Polycystic Ovarian Syndrome & Insulin Resistance.
When it comes to polycystic ovarian syndrome, the first thing most people think of is the hormone imbalances. With the irregular periods, acne, and unwanted hair there are obvious imbalances in sex hormones (testosterone, estrogen , progesterone), but what about insulin?
The Proposed Cause of Polycystic Ovarian syndrome
PCOS is a condition with genetic predisposition as a contributor to its pathogenesis. First degree relatives both male and female of those suffering from PCOS have been shown to possess both reproductive and metabolic abnormalities. There are specific genes having possible associations with the development of polycystic ovarian syndrome including those involved in the development of the pancreas and the ovaries. The main dysfunctions found in the pancreas are that of the beta cells (cells responsible for producing, storing and releasing insulin).
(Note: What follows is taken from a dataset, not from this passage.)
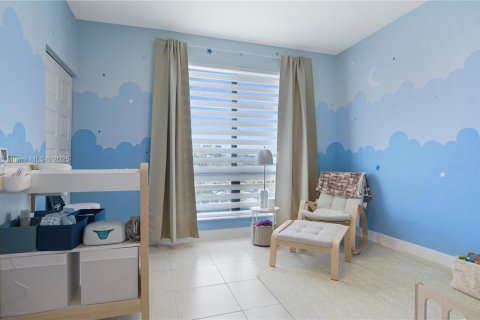 Condo in Doral, Florida, 3 bedrooms  № 1753136 - photo 20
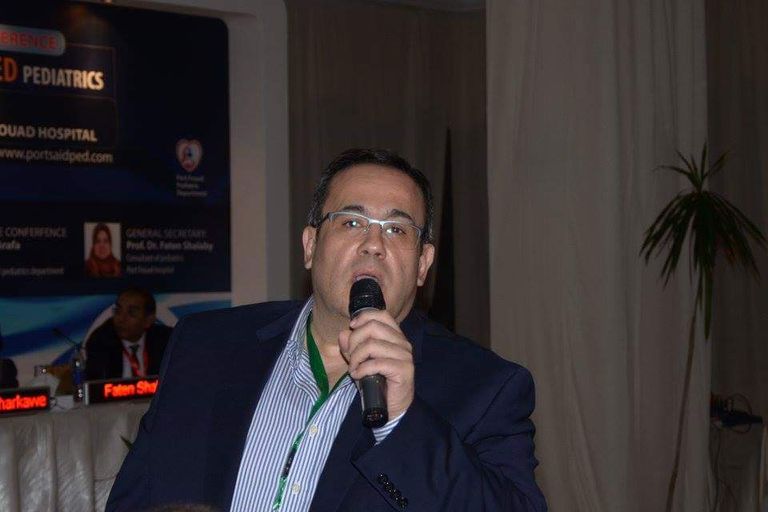 الطبيب المصري أحمد عبده اللواح، وكان يعمل أستاذاً للتحاليل الطبية بجامعة الأزهر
Insulin is the hormone responsible for storing the food we eat in the form of glucose (ie. sugar). When we eat food, insulin is released from the beta cells of our pancreas, and stimulates the movement of an important glucose receptor in order to allow glucose into our cells. Insulin is required in order to breakdown and metabolize our proteins, fats, and carbohydrates. When we are in a fasted state, insulin is inhibited, and sugar is sent back out of our cells in order to use for fuel. The problem arises, when our cells are no longer able to respond to the actions of insulin, making it appear that we are in an insulin deficient state. Insulin sensitivity refers to our cells response to the presence of insulin & whether or not we are storing glucose appropriately.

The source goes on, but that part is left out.